As 2012 comes to an end, the most ambitious plan from City Hall for the revitalization of an inner-city area in 15 years of such projects has hit a critical stage.
The idea of a tax increment financing zone for a large swath of the area south of FedExForum as well as the Downtown area itself into South Memphis is being examined closely by Shelby County Commissioners before they commit county property tax revenues with the “Heritage Trail” zone.
The zone to recapture the city and county property tax revenue is centered on the redevelopment of the Cleaborn Homes and Foote Homes public housing developments. Demolition is already well under way on Cleaborn Homes. The city has not put forward a specific plan and application for federal funding for the demolition of Foote Homes, which is the last remaining large public housing project in the city.
But City Housing and Community Development Director Robert Lipscomb has said through the tenures of former Mayor Willie Herenton and now Mayor A C Wharton Jr. that his goal is to end public housing on that scale.
County leaders aren’t nearly as concerned about the demolition of Foote Homes as they are about the much larger area away from both housing projects in the TIF zone that includes areas now covered by tax freezes administered in smaller zones as payments-in-lieu-of-taxes.
“Theoretically, the concept of a TIF has some merit,” said Shelby County Finance Director Mike Swift. “But not like this.”
Downtown Memphis Commission president Paul Morris has been talking with the Wharton administration about the impact of Heritage Trail on PILOTs his agency and others have been using to freeze taxes for development projects.

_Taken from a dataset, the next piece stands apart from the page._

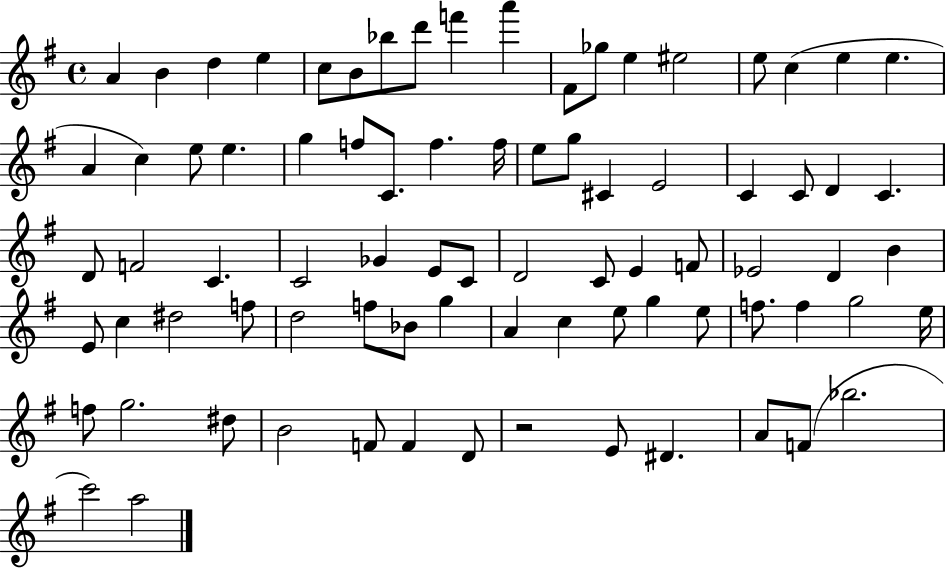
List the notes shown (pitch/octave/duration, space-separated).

A4/q B4/q D5/q E5/q C5/e B4/e Bb5/e D6/e F6/q A6/q F#4/e Gb5/e E5/q EIS5/h E5/e C5/q E5/q E5/q. A4/q C5/q E5/e E5/q. G5/q F5/e C4/e. F5/q. F5/s E5/e G5/e C#4/q E4/h C4/q C4/e D4/q C4/q. D4/e F4/h C4/q. C4/h Gb4/q E4/e C4/e D4/h C4/e E4/q F4/e Eb4/h D4/q B4/q E4/e C5/q D#5/h F5/e D5/h F5/e Bb4/e G5/q A4/q C5/q E5/e G5/q E5/e F5/e. F5/q G5/h E5/s F5/e G5/h. D#5/e B4/h F4/e F4/q D4/e R/h E4/e D#4/q. A4/e F4/e Bb5/h. C6/h A5/h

His conversations are important because City Hall has made few specific comments about the project since the criticism and concerns have become more vocal.
Morris said the original Heritage Trail plan, when it was called Triangle Noir, was to spend $25 million from the tax increment financing zone on Cleaborn’s revitalization as a mixed-use, mixed-income development and a bit more on Foote.

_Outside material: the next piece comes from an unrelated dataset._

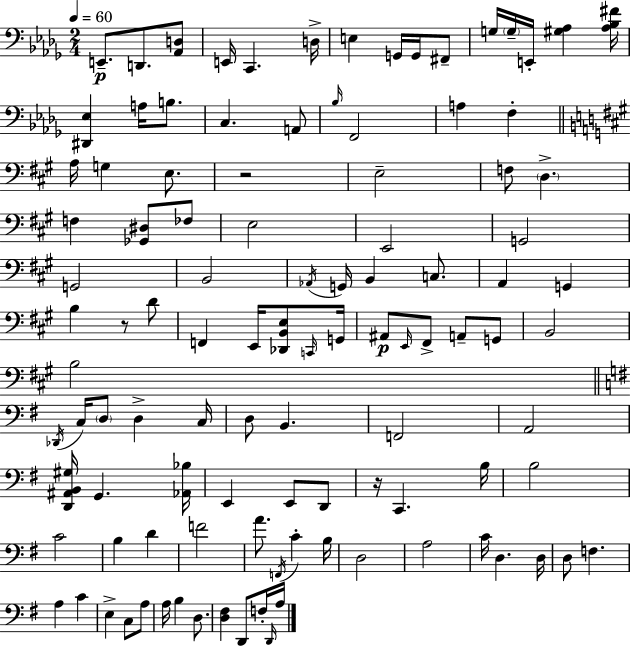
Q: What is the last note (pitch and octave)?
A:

That has changed to $11 million for each of the two housing project sites, according to what Morris has heard.
But the TIF zone would still generate $100 million in property tax revenue – city and county – in the 20-year span of the Heritage Trail project with all or most of it spent in the first five years and even more of it spent away from the two housing project sites than originally envisioned.
Aside from the mechanics of where the money goes and how it impacts other revenue flows to other projects, there is the complexity of the deal that is causing hesitation.
Memphis City Council members got into the broader topic just before the Christmas holiday as they reviewed the $12 million administration plan to make Liberty Bowl Memorial Stadium compliant with the Americans with Disabilities Act in a year’s time.
The Wharton administration would front the money to put the repairs on a fast track required in the agreement with the U.S. Justice Department. The money would be paid back with sales tax revenues generated within a tourism development zone still to be approved by the state.
The zone to be proposed would include Overton Square as well as the Mid-South Fairgrounds where the Liberty Bowl is located.
But the plan takes in more than just an upgrade to the Liberty Bowl. The sales tax revenue from the area would go toward transforming all of the Fairgrounds acreage into a public recreational area.
“We’re trying to solve multiple issues with a project,” Lipscomb told the council.
“Do we have a choice to do nothing?” asked council member Jim Strickland. “What would be the worst-case scenario if we did nothing?”
Lipscomb said the Justice Department could shut down the stadium and require that the whole Fairgrounds area become ADA compliant.
“We could be sued and the whole project could be held hostage,” Lipscomb said.
When the council votes on the Liberty Bowl upgrade in January, Strickland emphasized that his vote for that is not a vote for the larger Fairgrounds plan.
Council member Kemp Conrad also expressed concerns.
“I kind of feel like you are coming to the bank for the loan without the business plan,” he told Lipscomb. “It’s a lot of money to be spent with big plans without a lot of time for us to be thoughtful about it.”
Lipscomb said doing nothing “is not an option.”
“I think in Memphis we want to do nothing too often,” he added. “We’re taking a risk but I think it is a calculated risk.”
“We’ve got a lot of projects,” Conrad countered. “But is that really moving the city forward?”